I'm not so sure our tested hashfuncs are actually inlined with the current HashMapTest. Definitely need to be templated with new pfhash classes, and not via std:function indirect calls.
I think it would be nice to disable quadratic probing as well. Being able to handle a pure linear probing is a classical hash function test, which probably requires a quite strong (5 independent) hash function. Multiply shift should certainly not be able to handle linear probing, but it seems to do alright in the current parallel hashtable tests.
Yes. The idea was to test it with the common default hashtable, and a good modern one. Adding a trivial linear probing or even a chained one is a good idea, because so many people are still using them.
Some would even say that if you have a good enough hash function, quadratic probing and tree-fallbacks only slow you down 😉
Others like me would argue that only the poor hash functions lead to acceptable hash table speed. Good hashes are for the weak. But it depends entirely on the usecase and the hash table impl.
Originally I also checked various other much faster linear probing hashmaps, such as e.g. from rigtorp or the two swisstable variants (Google and Facebook), but I settled with the slow standard (seperate chaining) for fair comparison purposes. Maybe add other ones, and document them.

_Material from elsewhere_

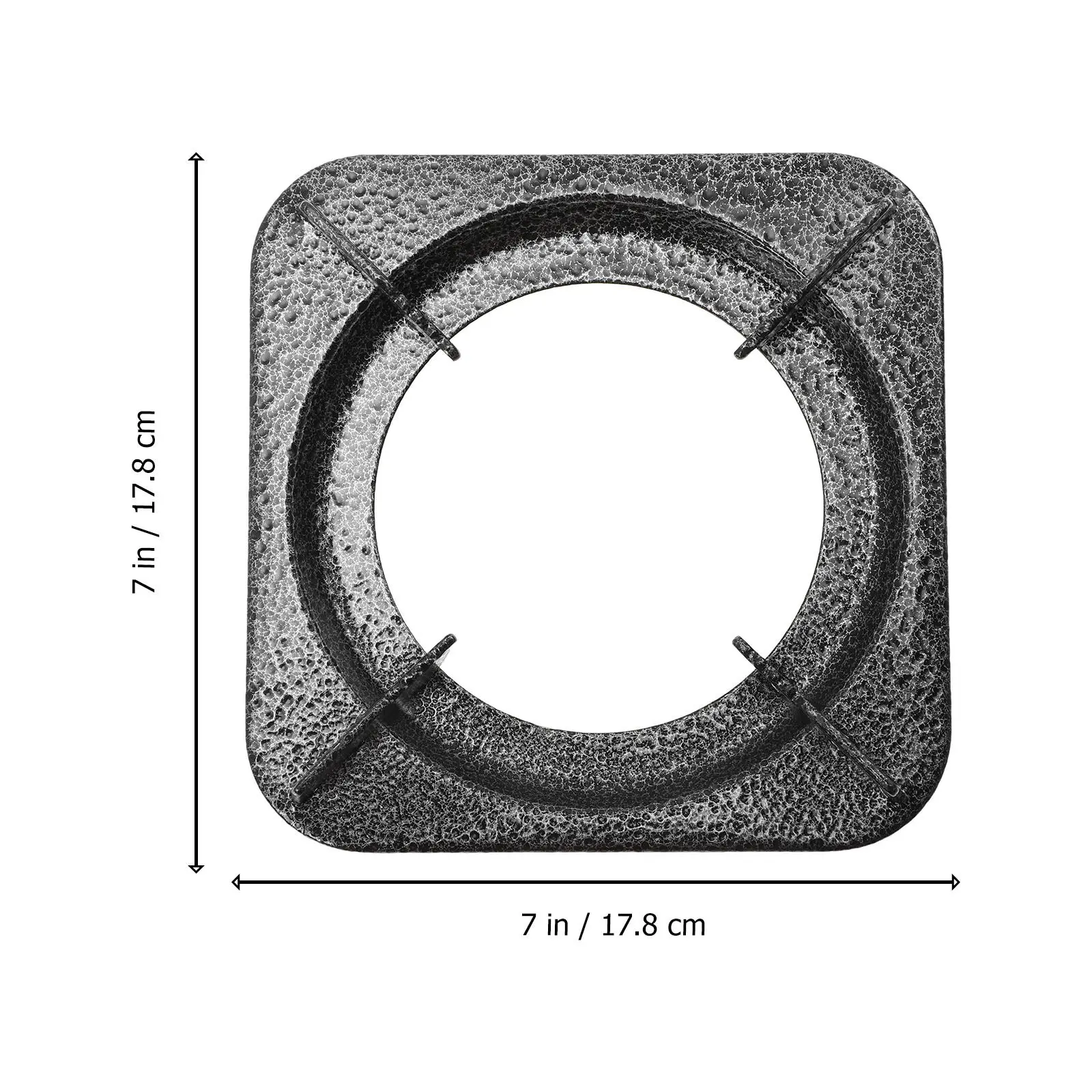 Cast Iron Wok Ring for Gas Stove – Heavy-Duty Heat Diffuser & Energy-Saving Burner Grate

@dumblob Speaking about currently worldwide available hashmaps, definitely skim the comparison from Martin Ankerl https://martin.ankerl.com/2019/04/01/hashmap-benchmarks-05-conclusion/ to notice one very important thing. Namely that some hashmaps are almost not at all sensitive to collisions and throughput and latency (Throughput versus latency) of the hash function, but other hashmaps rely completely on the quality and throughput and/or latency of the hash function. To be fair in showing real use case scenarios, we would actually need to test one representative from the sensitive corner and one from the insensitive corner.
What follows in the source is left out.